The driver stopped to rest the team, and I climbed down from the wagon again. At least when I was walking, my anticipation was being channeled into something. I debated whether I should walk ahead of the team where I felt the risk of being run over at any minute, behind the team, where I would be forced to swallow trail dust, or off to the side where the walking was even more difficult. I decided to follow the team. I would lag far enough behind to let the dust settle a bit.
While I waited for the team to resume, I strolled to the side of the trail and looked around for signs of berries. I hoped there would be some in our area. Many of my canning jars were empty, and I did want to fill them again before another winter.
The area did not look promising.
There’s lots of land around here, I assured myself. There could be many good berry patches.
Kip came bounding up. In contrast to me, he thoroughly enjoyed the trip and all the new things there were to investigate. I had hardly seen him all day. He ran this way and that, ahead and behind, only coming back occasionally to check and make sure I was still traveling with the wagons.

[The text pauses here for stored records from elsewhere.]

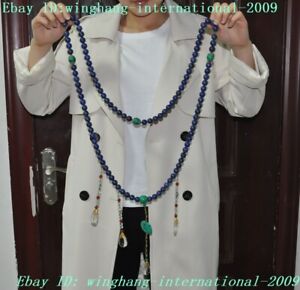 40 Old China Lapis Lazuli Turquoise Crystal Dynasty Beads Buddha Beads Necklace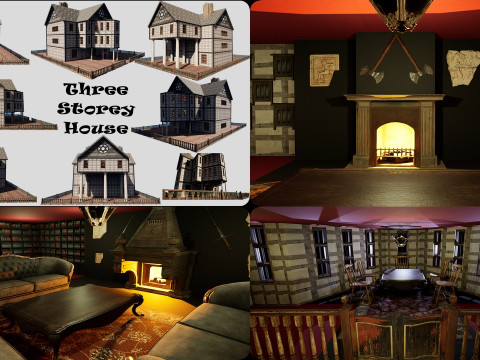 Three Storey House Interior Exterior 3D 모델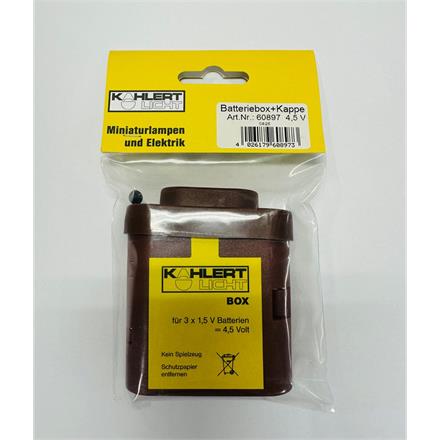 Kahlert 60897 Batteriebox mit Kappe und Schalter ohne Batterien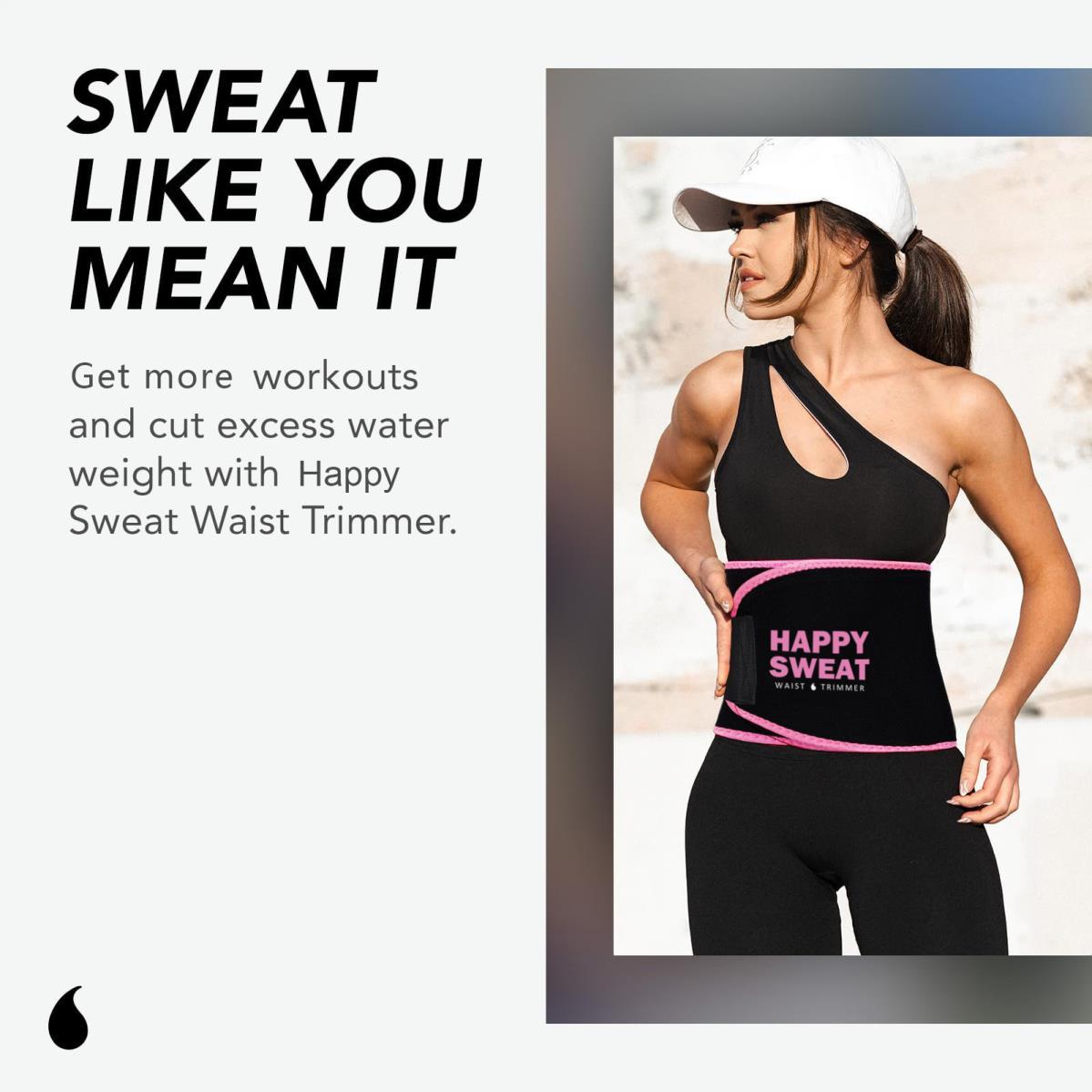Happy Sweat Waist Trimmer, Premium Sweat-Wicking Waist Belt for Fitness, Adjustable Waist Trainer for Running, HIIT, Gym Workouts, Boosts Sweat & Core Stability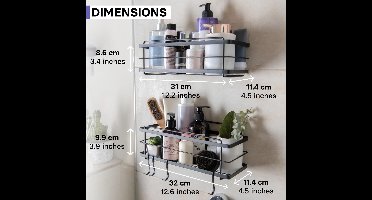 doucherek - Doucheplank - Zelfklevende Boorvrije Keuken- of Douche Organisator - Set Van 1 - zwart - 10,9D x 11,4B x 31H centimeter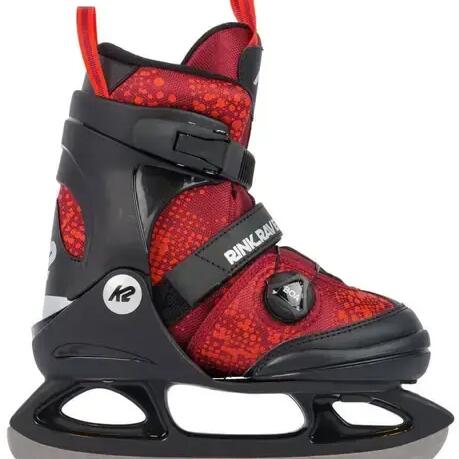K2 Rink Raven Boa Adjustable Kids Ice Skates - Red - 29-34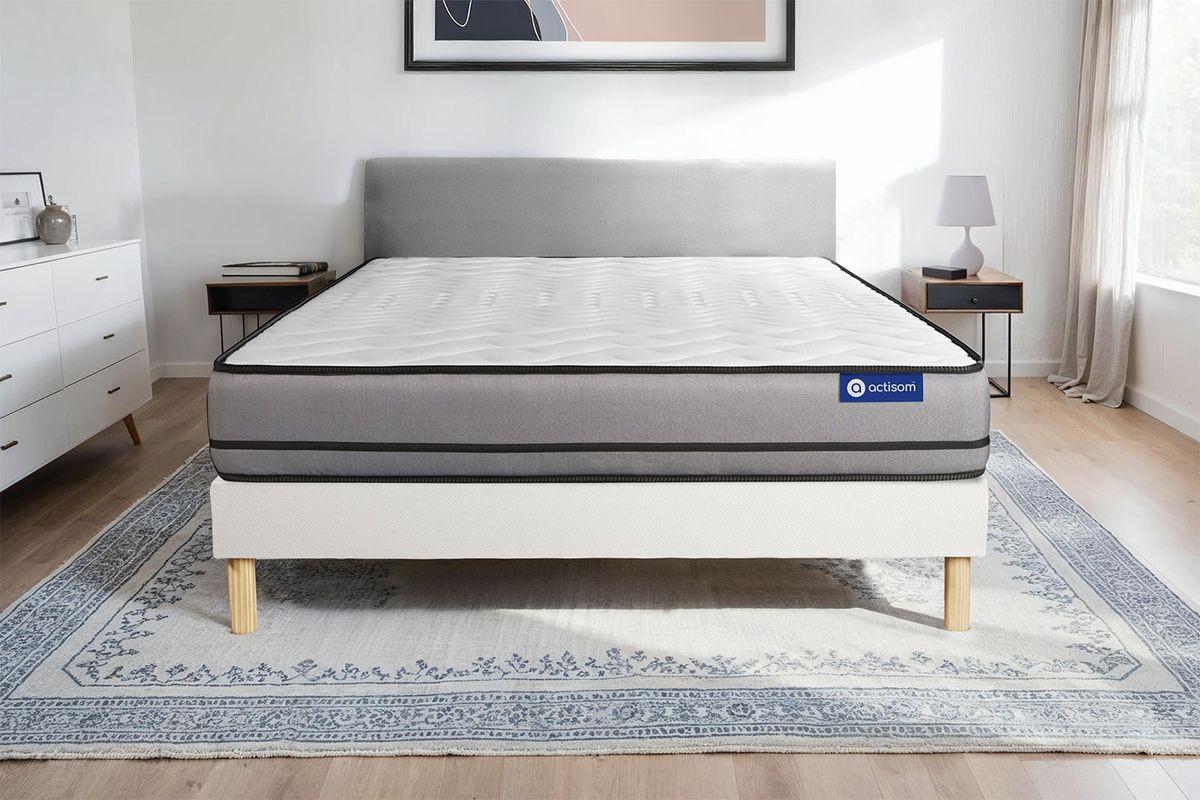 BETT Actimemo night Memory-Schaum 80 x 200 cm h4 - Kit Bettgestell Weiß - Beige/Weiß, Karton/Holz (80/200cm) - ACTISOM
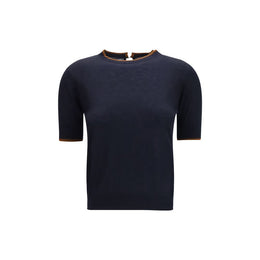 Max Mara Blaues Seiden-T-Shirt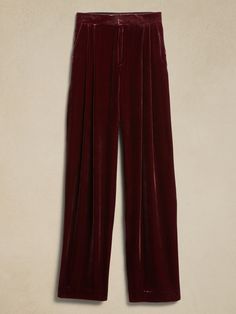 Norte Velvet Pleated Pant | Banana Republic Formal Velvet Bottoms For Fall, Chic Velvet Bottoms For Formal Occasions, Chic Velvet Formal Pants, Formal Velvet Wide Leg Bottoms, Elegant High-waisted Velvet Pants, Pleated Pant, Burgundy Pants, Velvet Pants, Pleated Pants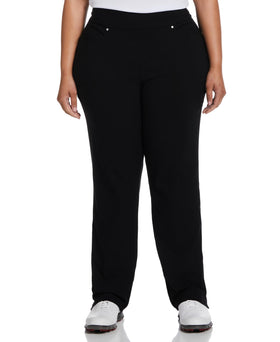 PGA TOUR women's tummy-control pull-on golf pants in caviar black, front view, smooth silhouette.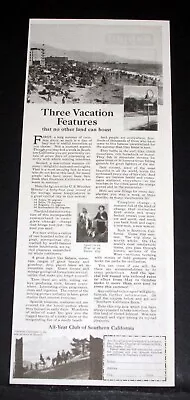 $12.99 • Buy 1923 Old Magazine Print Ad, All Year Club Of Southern California, For Vacations!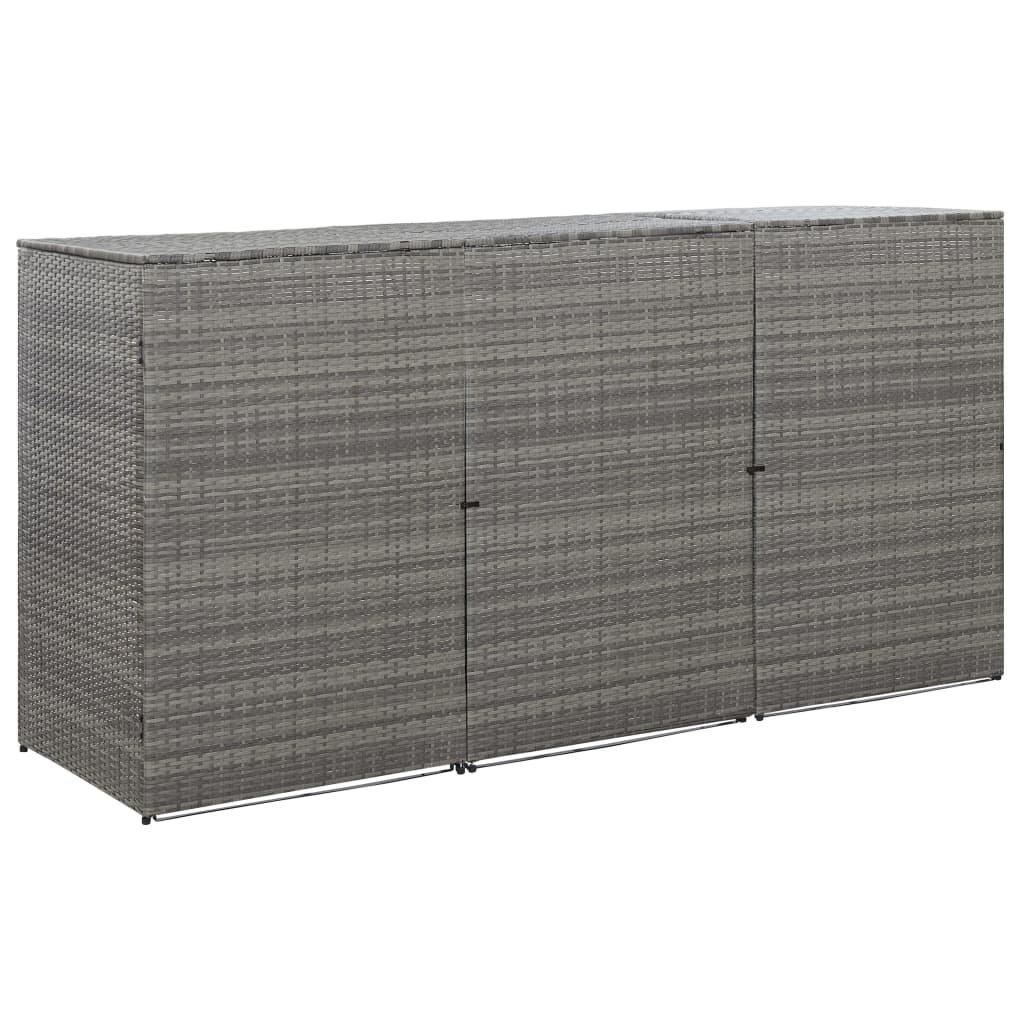 vidaXL Osłona na 3 kosze na śmieci, antracyt, 229x78x120 cm, rattan PE vidaXL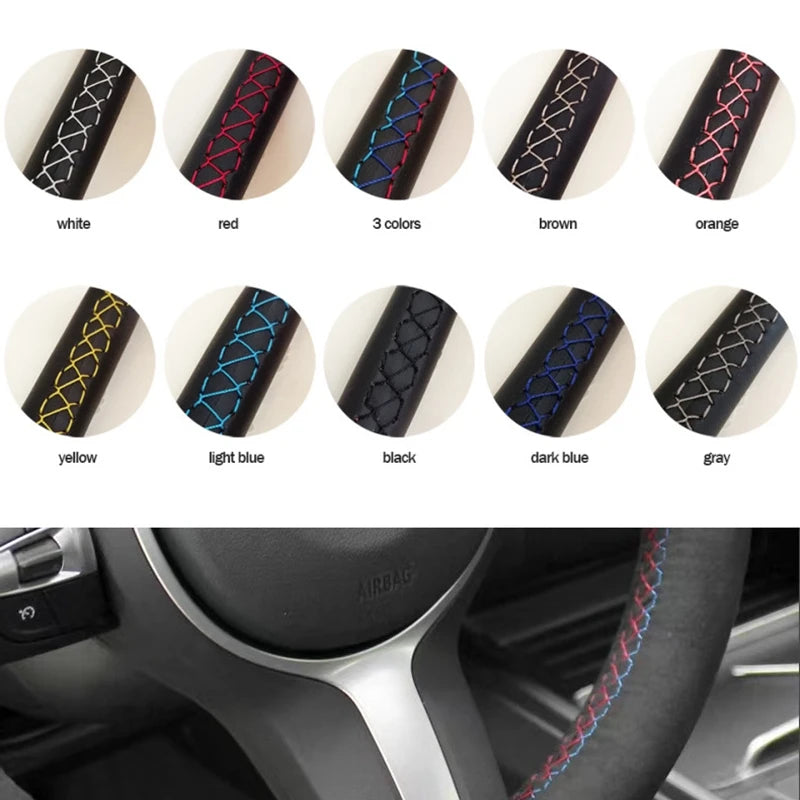 Suede Leather Car Steering Wheel Cover For BMW F Series Wheel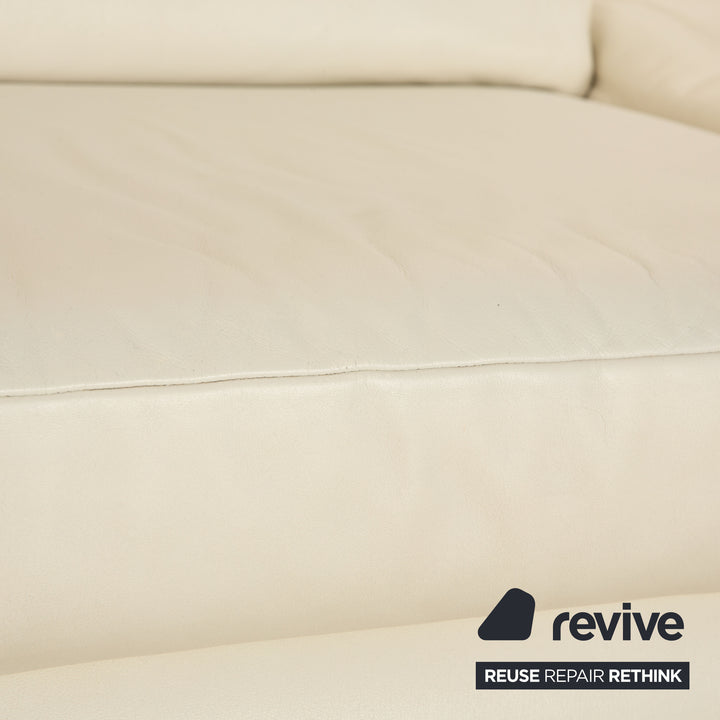 Koinor Leder Sofa Garnitur Creme manuelle Funktion 2x Zweisitzer Couch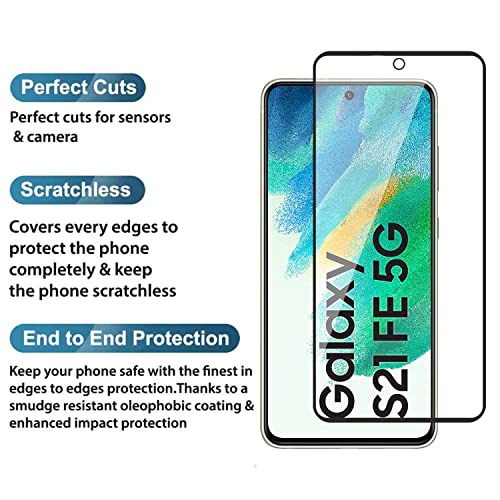 Image of DARKFIT Tempered Glass Premium Screen Protector Compatible for Samsung S21 FE | Edge to Edge Coverage with Easy Installation Kit | Scratch Resistance | HD Clear Glass (Black Border) | Pack of 1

I patted his head and was rewarded with generous waves of his curly tail. He licked my hand, then wheeled and was gone again before I even had time to speak to him.
Wynn dropped back, bringing with him a canteen of water.
“Need a drink?” he asked, and I suddenly realized I was thirsty. I smiled my thanks and lifted the canteen to my lips. The water was tepid, not like the refreshing water from our cabin well. Still, it was wet and it did help my thirst.
“We will soon be there,” Wynn informed me. “I think it would be good to slip the leash on Kip. The village dogs might be running loose.”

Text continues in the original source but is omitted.